Informed consent

The common thread in every birth story I hear – whether triumphant, traumatic or ecstatic – is information. The promotion of empowerment during birth is only possible through the simultaneous promotion of informed consent. It is far easier to accept the way a birth unfolds if you feel you were able to remain autonomous and at the centre of the decision-making with regards to what happens to your body and your baby. Part of ‘taking back your birth’ involves you taking responsibility for the choices you make; becoming better informed about birth and birth choices is one such way to become empowered as a consumer.

So, where and how does one get this information? I personally love sharing information, swapping ideas and hearing stories from other mums – this is one way to get a feel for what sorts of things happen locally with particular care providers, models of care and birth settings, for example. Organisations like CARES and some local doulas hold coffee mornings which offer an opportunity to chat, ask questions and gather resources (CARES has a fabulous library of such material!). There are also thousands of forums, articles and birth stories to be read (or viewed!) on the internet.

But, on the issue of informed consent, what all women really need to know are these three things:

1) If you feel you can’t say ‘No’ because it hasn’t been presented to you as an option, or you are too scared to say ‘No’ even if you want to, chances are you are not giving informed consent. This is, in fact, true of many decisions in life.

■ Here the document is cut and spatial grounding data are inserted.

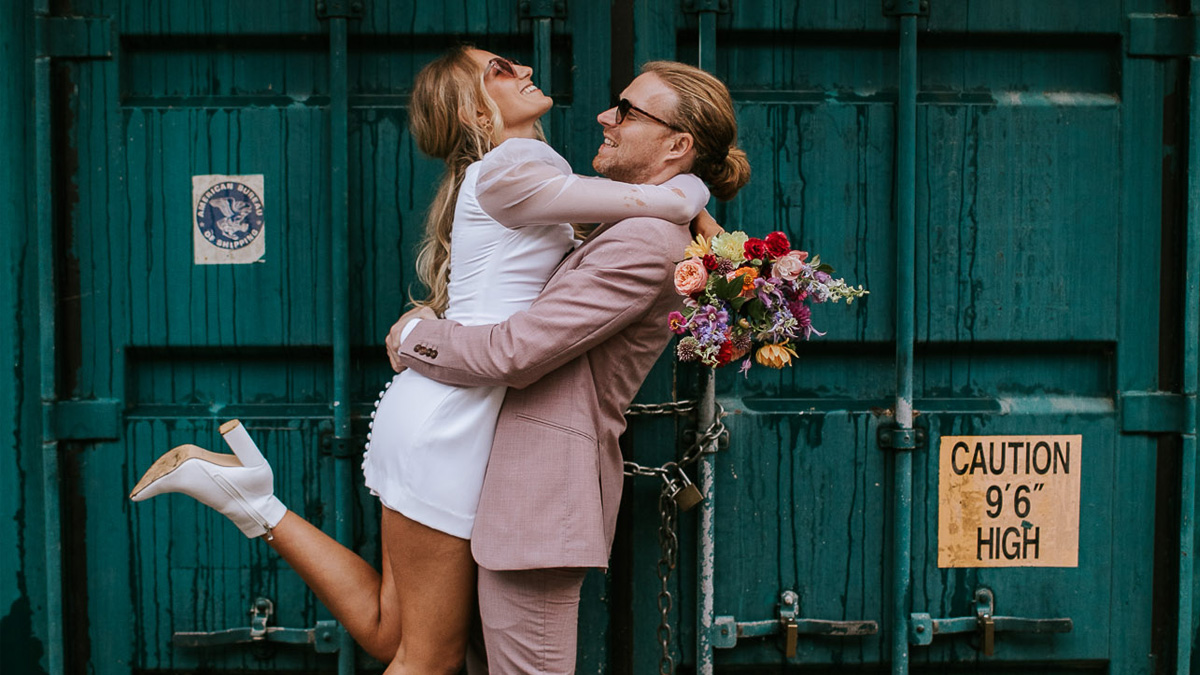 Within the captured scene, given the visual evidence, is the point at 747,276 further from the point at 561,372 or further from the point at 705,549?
the point at 705,549

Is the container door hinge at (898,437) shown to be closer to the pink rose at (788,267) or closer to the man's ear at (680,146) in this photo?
the pink rose at (788,267)

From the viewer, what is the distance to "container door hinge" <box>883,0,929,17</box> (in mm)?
2303

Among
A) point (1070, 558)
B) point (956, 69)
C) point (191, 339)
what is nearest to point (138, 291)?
point (191, 339)

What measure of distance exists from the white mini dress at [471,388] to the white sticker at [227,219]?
0.66 metres

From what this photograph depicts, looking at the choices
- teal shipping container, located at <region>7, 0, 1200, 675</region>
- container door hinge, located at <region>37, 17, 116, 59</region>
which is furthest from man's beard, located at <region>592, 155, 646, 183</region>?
container door hinge, located at <region>37, 17, 116, 59</region>

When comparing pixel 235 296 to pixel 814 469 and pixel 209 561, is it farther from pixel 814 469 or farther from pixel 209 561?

2) Planning to make informed decisions as part of an empowered birth plan is easy when the decisions are foreseeable and you have ample time to conduct your research. A situation may arise, however, during labour or birth when a decision needs to be made quickly and you are unlikely to be in a position to be thinking rationally, logically or deeply about the options you have.

The quickest way for you to (with the support of your trusty birth team) make an ‘express’ informed decision is to use your BRAIN:

Benefits: what are they?
Risks: what are they?
Alternatives: are there any?
Information: do I have it all?
Nothing: what if I do nothing?

3) Sometimes you don’t know what you need to know. This is where it is highly advantageous to call upon the services of a professional birth attendant (such as a doula), seek support from local networks like CARES and/or to consider attending an independent childbirth workshop. Drawing upon the experience and knowledge of another mother who has ‘been there, done that’ can be a way to fast-track your ‘Ah ha!’ moments.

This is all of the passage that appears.